Some politicians retire with lucrative consulting jobs. Others take up oil painting. But according to a new documentary starring former Vice President Al Gore, An Inconvenient Sequel: Speaking Truth to Power, the retired politician, and 2007 Nobel Peace Prize winner, has spent his golden years talking about global warming.
The film, directed by Bonni Cohen and Jon Shenk, is a follow-up to 2006’s Oscar-winning An Inconvenient Truth. When Truth premiered, it permeated the culture and shifted the national conversation. Gore, who has devoted the past 30 years to discussing climate change, became a polarizing figure. Despite the controversy surrounding the film, a Nielsen/Oxford University poll found that 66 percent of people who watched the documentary said it changed their minds about the existence of climate change.

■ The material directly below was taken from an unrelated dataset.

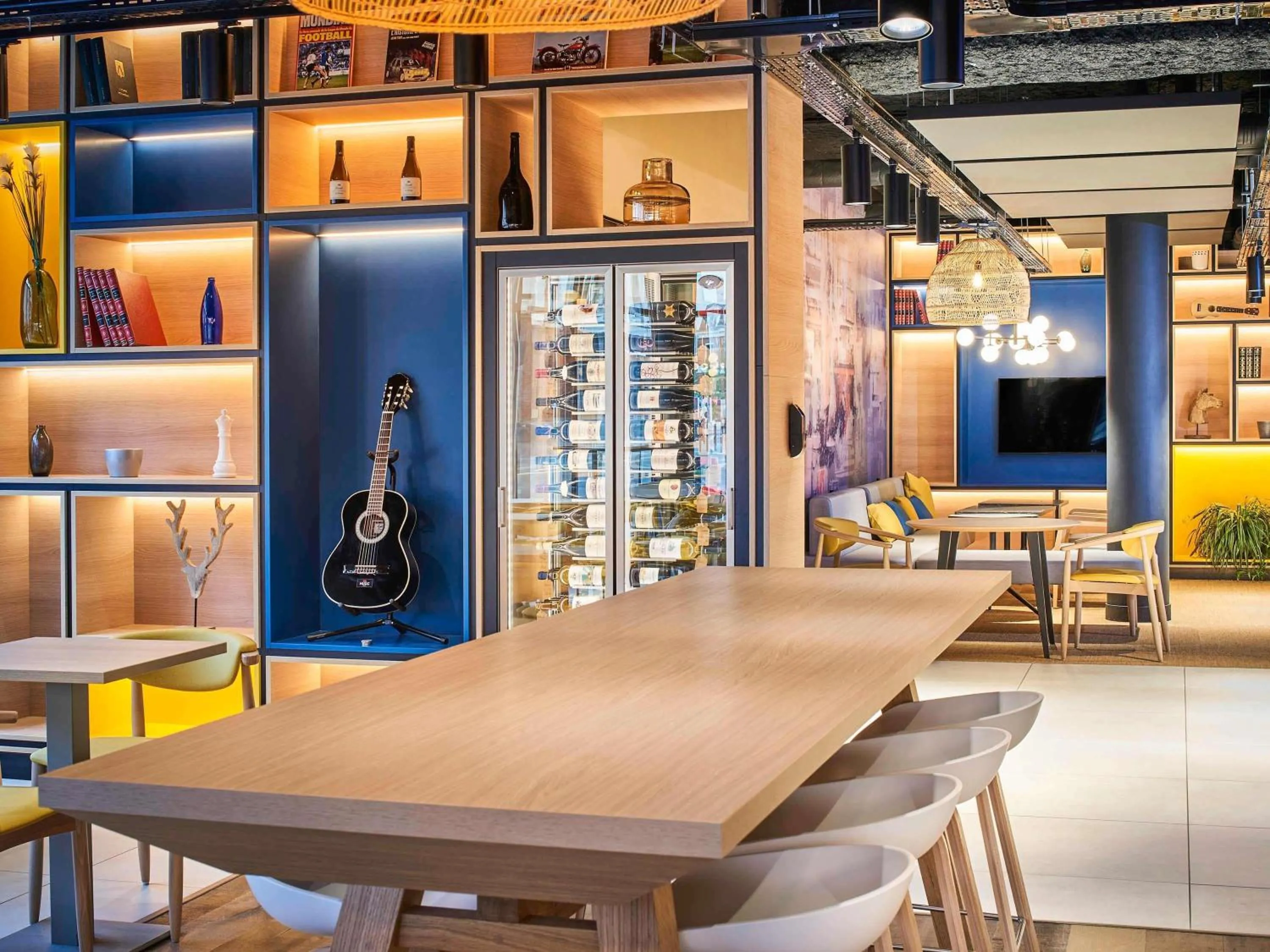 Restaurant/places to eat in ibis Bethune Centre Gare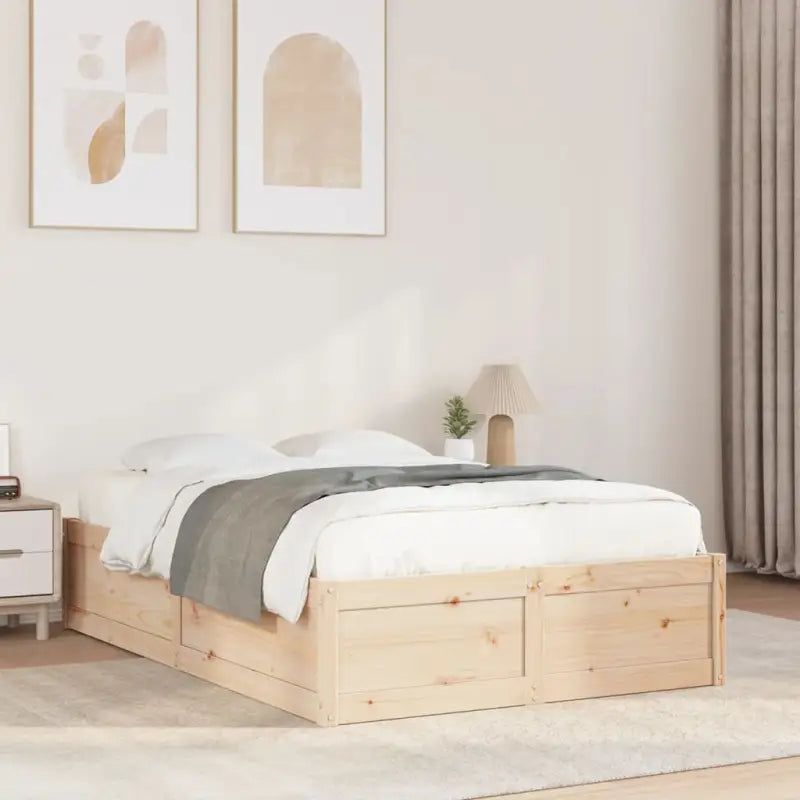 Moderne bedframe van massief grenenhout met multiplex lattenbodem - Massief grenenhout / 135 x 190 cm - Bedden &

There have also been notable successes since 2006. The issue is increasingly becoming bipartisan. Clean energy has now become cost competitive, and a handful of towns across the United States have switched entirely to renewables. In 2015, at the United Nations Climate Change Conference in Paris, 175 world leaders agreed to try to keep temperatures from rising more than 2 degrees Celsius above preindustrial levels. But despite these efforts, global carbon dioxide levels continue to increase, and as of 2016, 81 percent of all energy produced in the world is based on carbon fuels.
While Truth was organized around Gore’s famously wonky slide show, Sequel, plays like more of a character portrait of the former Vice President as he monitors the effects of global warming on the ground, and devotes his energy to pushing awareness of climate change forward internationally. In Greenland, we see him meet with scientists who explain how melting ice sheets lead to rising sea levels. In Miami Beach, Florida, he wades through flooded streets and speaks with local politicians about their attempts to save the city from going under water in a state where the governor has banned the term “climate change.” In the Philippines, he speaks to typhoon survivors about terrifying personal experiences.
The film, which will be released July 28, comes at a time when the Trump administration has still not fully acknowledged the effects of global warming. But Gore says this is just another challenge in a long list of obstacles, and he refuses to be deterred from spreading his message, highlighted below.
In 2006, Gore’s warnings about rising sea levels were dismissed as ridiculous, but by 2017 he was proven right.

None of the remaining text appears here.